▶ **PROBLEM STATEMENT**
The required answer is an exact copy of every entry underneath.

........

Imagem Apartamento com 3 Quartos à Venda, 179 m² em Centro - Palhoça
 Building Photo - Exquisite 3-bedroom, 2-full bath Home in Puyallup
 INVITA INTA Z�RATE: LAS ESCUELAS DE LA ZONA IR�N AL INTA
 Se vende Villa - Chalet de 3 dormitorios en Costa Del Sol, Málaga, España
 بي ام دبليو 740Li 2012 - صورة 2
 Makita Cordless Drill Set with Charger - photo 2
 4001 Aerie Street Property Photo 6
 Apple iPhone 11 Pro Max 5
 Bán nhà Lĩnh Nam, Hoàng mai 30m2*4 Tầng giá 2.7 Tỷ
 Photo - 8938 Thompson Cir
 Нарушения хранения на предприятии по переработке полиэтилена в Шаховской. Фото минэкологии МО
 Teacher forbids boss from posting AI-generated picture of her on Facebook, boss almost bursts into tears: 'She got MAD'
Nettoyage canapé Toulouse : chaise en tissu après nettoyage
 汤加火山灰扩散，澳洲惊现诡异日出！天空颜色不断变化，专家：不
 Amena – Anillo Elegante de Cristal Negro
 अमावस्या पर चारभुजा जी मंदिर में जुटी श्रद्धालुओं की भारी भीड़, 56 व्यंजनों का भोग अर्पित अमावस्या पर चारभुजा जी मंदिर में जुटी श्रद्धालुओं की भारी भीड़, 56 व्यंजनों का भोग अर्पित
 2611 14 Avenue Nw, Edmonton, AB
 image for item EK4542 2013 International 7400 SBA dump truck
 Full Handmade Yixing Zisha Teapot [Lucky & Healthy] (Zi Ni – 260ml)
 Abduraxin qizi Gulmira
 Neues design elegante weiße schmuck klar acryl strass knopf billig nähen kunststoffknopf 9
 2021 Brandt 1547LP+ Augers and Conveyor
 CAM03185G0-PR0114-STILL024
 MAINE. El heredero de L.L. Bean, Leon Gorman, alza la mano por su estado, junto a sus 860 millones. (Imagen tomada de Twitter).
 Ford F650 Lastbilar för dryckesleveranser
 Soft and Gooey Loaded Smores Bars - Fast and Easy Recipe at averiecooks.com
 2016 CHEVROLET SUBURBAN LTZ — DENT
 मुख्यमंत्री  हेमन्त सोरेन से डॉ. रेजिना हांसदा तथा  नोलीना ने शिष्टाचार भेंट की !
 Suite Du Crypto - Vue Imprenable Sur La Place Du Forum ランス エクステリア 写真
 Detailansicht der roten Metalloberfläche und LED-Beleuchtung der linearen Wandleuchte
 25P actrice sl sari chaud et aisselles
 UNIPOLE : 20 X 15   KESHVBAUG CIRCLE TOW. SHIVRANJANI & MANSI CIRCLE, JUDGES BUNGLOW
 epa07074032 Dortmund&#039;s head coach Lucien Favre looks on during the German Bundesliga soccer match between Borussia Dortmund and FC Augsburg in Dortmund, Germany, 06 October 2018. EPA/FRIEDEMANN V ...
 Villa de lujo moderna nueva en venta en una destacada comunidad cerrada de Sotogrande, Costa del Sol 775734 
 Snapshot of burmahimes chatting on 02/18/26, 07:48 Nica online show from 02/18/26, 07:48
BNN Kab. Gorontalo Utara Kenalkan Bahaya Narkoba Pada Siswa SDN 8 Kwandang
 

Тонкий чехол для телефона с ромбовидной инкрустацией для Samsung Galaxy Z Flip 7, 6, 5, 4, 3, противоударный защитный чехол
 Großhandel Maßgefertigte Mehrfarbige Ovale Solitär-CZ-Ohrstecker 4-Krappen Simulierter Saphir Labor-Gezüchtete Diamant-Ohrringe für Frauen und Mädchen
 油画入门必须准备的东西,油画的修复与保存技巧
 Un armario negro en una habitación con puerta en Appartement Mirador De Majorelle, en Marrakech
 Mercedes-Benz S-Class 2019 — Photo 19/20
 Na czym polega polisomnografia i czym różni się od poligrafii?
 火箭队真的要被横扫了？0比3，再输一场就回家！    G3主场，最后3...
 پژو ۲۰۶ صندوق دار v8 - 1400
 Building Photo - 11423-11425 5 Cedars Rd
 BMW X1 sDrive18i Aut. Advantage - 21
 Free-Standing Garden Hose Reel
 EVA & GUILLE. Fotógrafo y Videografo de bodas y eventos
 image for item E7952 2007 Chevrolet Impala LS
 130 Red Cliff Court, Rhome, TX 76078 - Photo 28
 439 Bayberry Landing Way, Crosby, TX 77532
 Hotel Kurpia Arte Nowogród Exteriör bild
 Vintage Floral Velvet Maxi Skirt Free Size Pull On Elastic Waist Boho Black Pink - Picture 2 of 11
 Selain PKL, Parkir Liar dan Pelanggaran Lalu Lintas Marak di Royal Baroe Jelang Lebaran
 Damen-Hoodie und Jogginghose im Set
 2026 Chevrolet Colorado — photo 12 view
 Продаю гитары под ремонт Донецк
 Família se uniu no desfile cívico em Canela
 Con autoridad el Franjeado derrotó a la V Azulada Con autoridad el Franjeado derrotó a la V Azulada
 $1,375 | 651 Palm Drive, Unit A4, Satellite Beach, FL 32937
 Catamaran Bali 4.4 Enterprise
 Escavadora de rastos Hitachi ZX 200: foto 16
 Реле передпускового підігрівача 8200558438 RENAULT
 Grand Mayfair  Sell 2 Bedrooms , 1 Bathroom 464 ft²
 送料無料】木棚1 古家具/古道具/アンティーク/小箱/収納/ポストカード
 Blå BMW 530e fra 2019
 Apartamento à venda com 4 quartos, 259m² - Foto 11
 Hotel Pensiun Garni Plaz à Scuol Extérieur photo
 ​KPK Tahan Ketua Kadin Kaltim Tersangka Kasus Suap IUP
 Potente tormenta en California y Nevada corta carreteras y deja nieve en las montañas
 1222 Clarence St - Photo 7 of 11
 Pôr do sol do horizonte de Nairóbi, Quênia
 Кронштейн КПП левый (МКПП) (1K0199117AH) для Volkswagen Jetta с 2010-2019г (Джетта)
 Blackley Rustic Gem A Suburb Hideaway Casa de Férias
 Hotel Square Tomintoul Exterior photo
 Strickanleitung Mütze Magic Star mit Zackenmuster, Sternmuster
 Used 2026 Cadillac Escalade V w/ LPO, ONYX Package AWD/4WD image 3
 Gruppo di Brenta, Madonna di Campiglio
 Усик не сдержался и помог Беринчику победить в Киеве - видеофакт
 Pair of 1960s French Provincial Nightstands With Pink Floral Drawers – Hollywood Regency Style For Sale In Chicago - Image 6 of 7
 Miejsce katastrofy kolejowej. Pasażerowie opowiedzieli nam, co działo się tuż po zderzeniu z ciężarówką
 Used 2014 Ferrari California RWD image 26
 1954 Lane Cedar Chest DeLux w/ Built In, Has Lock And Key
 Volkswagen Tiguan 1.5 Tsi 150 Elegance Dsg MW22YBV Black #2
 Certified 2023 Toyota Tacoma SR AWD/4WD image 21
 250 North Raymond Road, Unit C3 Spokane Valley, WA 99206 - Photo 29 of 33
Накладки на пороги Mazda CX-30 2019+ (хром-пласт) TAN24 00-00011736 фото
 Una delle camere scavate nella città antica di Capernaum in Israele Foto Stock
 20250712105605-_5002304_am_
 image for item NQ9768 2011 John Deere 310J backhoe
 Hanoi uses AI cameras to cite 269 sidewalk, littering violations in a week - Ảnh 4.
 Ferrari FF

........

▶ **RESPONSE BELOW**
Imagem Apartamento com 3 Quartos à Venda, 179 m² em Centro - Palhoça
 Building Photo - Exquisite 3-bedroom, 2-full bath Home in Puyallup
 INVITA INTA Z�RATE: LAS ESCUELAS DE LA ZONA IR�N AL INTA
 Se vende Villa - Chalet de 3 dormitorios en Costa Del Sol, Málaga, España
 بي ام دبليو 740Li 2012 - صورة 2
 Makita Cordless Drill Set with Charger - photo 2
 4001 Aerie Street Property Photo 6
 Apple iPhone 11 Pro Max 5
 Bán nhà Lĩnh Nam, Hoàng mai 30m2*4 Tầng giá 2.7 Tỷ
 Photo - 8938 Thompson Cir
 Нарушения хранения на предприятии по переработке полиэтилена в Шаховской. Фото минэкологии МО
 Teacher forbids boss from posting AI-generated picture of her on Facebook, boss almost bursts into tears: 'She got MAD'
Nettoyage canapé Toulouse : chaise en tissu après nettoyage
 汤加火山灰扩散，澳洲惊现诡异日出！天空颜色不断变化，专家：不
 Amena – Anillo Elegante de Cristal Negro
 अमावस्या पर चारभुजा जी मंदिर में जुटी श्रद्धालुओं की भारी भीड़, 56 व्यंजनों का भोग अर्पित अमावस्या पर चारभुजा जी मंदिर में जुटी श्रद्धालुओं की भारी भीड़, 56 व्यंजनों का भोग अर्पित
 2611 14 Avenue Nw, Edmonton, AB
 image for item EK4542 2013 International 7400 SBA dump truck
 Full Handmade Yixing Zisha Teapot [Lucky & Healthy] (Zi Ni – 260ml)
 Abduraxin qizi Gulmira
 Neues design elegante weiße schmuck klar acryl strass knopf billig nähen kunststoffknopf 9
 2021 Brandt 1547LP+ Augers and Conveyor
 CAM03185G0-PR0114-STILL024
 MAINE. El heredero de L.L. Bean, Leon Gorman, alza la mano por su estado, junto a sus 860 millones. (Imagen tomada de Twitter).
 Ford F650 Lastbilar för dryckesleveranser
 Soft and Gooey Loaded Smores Bars - Fast and Easy Recipe at averiecooks.com
 2016 CHEVROLET SUBURBAN LTZ — DENT
 मुख्यमंत्री  हेमन्त सोरेन से डॉ. रेजिना हांसदा तथा  नोलीना ने शिष्टाचार भेंट की !
 Suite Du Crypto - Vue Imprenable Sur La Place Du Forum ランス エクステリア 写真
 Detailansicht der roten Metalloberfläche und LED-Beleuchtung der linearen Wandleuchte
 25P actrice sl sari chaud et aisselles
 UNIPOLE : 20 X 15   KESHVBAUG CIRCLE TOW. SHIVRANJANI & MANSI CIRCLE, JUDGES BUNGLOW
 epa07074032 Dortmund&#039;s head coach Lucien Favre looks on during the German Bundesliga soccer match between Borussia Dortmund and FC Augsburg in Dortmund, Germany, 06 October 2018. EPA/FRIEDEMANN V ...
 Villa de lujo moderna nueva en venta en una destacada comunidad cerrada de Sotogrande, Costa del Sol 775734 
 Snapshot of burmahimes chatting on 02/18/26, 07:48 Nica online show from 02/18/26, 07:48
BNN Kab. Gorontalo Utara Kenalkan Bahaya Narkoba Pada Siswa SDN 8 Kwandang
 

Тонкий чехол для телефона с ромбовидной инкрустацией для Samsung Galaxy Z Flip 7, 6, 5, 4, 3, противоударный защитный чехол
 Großhandel Maßgefertigte Mehrfarbige Ovale Solitär-CZ-Ohrstecker 4-Krappen Simulierter Saphir Labor-Gezüchtete Diamant-Ohrringe für Frauen und Mädchen
 油画入门必须准备的东西,油画的修复与保存技巧
 Un armario negro en una habitación con puerta en Appartement Mirador De Majorelle, en Marrakech
 Mercedes-Benz S-Class 2019 — Photo 19/20
 Na czym polega polisomnografia i czym różni się od poligrafii?
 火箭队真的要被横扫了？0比3，再输一场就回家！    G3主场，最后3...
 پژو ۲۰۶ صندوق دار v8 - 1400
 Building Photo - 11423-11425 5 Cedars Rd
 BMW X1 sDrive18i Aut. Advantage - 21
 Free-Standing Garden Hose Reel
 EVA & GUILLE. Fotógrafo y Videografo de bodas y eventos
 image for item E7952 2007 Chevrolet Impala LS
 130 Red Cliff Court, Rhome, TX 76078 - Photo 28
 439 Bayberry Landing Way, Crosby, TX 77532
 Hotel Kurpia Arte Nowogród Exteriör bild
 Vintage Floral Velvet Maxi Skirt Free Size Pull On Elastic Waist Boho Black Pink - Picture 2 of 11
 Selain PKL, Parkir Liar dan Pelanggaran Lalu Lintas Marak di Royal Baroe Jelang Lebaran
 Damen-Hoodie und Jogginghose im Set
 2026 Chevrolet Colorado — photo 12 view
 Продаю гитары под ремонт Донецк
 Família se uniu no desfile cívico em Canela
 Con autoridad el Franjeado derrotó a la V Azulada Con autoridad el Franjeado derrotó a la V Azulada
 $1,375 | 651 Palm Drive, Unit A4, Satellite Beach, FL 32937
 Catamaran Bali 4.4 Enterprise
 Escavadora de rastos Hitachi ZX 200: foto 16
 Реле передпускового підігрівача 8200558438 RENAULT
 Grand Mayfair  Sell 2 Bedrooms , 1 Bathroom 464 ft²
 送料無料】木棚1 古家具/古道具/アンティーク/小箱/収納/ポストカード
 Blå BMW 530e fra 2019
 Apartamento à venda com 4 quartos, 259m² - Foto 11
 Hotel Pensiun Garni Plaz à Scuol Extérieur photo
 ​KPK Tahan Ketua Kadin Kaltim Tersangka Kasus Suap IUP
 Potente tormenta en California y Nevada corta carreteras y deja nieve en las montañas
 1222 Clarence St - Photo 7 of 11
 Pôr do sol do horizonte de Nairóbi, Quênia
 Кронштейн КПП левый (МКПП) (1K0199117AH) для Volkswagen Jetta с 2010-2019г (Джетта)
 Blackley Rustic Gem A Suburb Hideaway Casa de Férias
 Hotel Square Tomintoul Exterior photo
 Strickanleitung Mütze Magic Star mit Zackenmuster, Sternmuster
 Used 2026 Cadillac Escalade V w/ LPO, ONYX Package AWD/4WD image 3
 Gruppo di Brenta, Madonna di Campiglio
 Усик не сдержался и помог Беринчику победить в Киеве - видеофакт
 Pair of 1960s French Provincial Nightstands With Pink Floral Drawers – Hollywood Regency Style For Sale In Chicago - Image 6 of 7
 Miejsce katastrofy kolejowej. Pasażerowie opowiedzieli nam, co działo się tuż po zderzeniu z ciężarówką
 Used 2014 Ferrari California RWD image 26
 1954 Lane Cedar Chest DeLux w/ Built In, Has Lock And Key
 Volkswagen Tiguan 1.5 Tsi 150 Elegance Dsg MW22YBV Black #2
 Certified 2023 Toyota Tacoma SR AWD/4WD image 21
 250 North Raymond Road, Unit C3 Spokane Valley, WA 99206 - Photo 29 of 33
Накладки на пороги Mazda CX-30 2019+ (хром-пласт) TAN24 00-00011736 фото
 Una delle camere scavate nella città antica di Capernaum in Israele Foto Stock
 20250712105605-_5002304_am_
 image for item NQ9768 2011 John Deere 310J backhoe
 Hanoi uses AI cameras to cite 269 sidewalk, littering violations in a week - Ảnh 4.
 Ferrari FF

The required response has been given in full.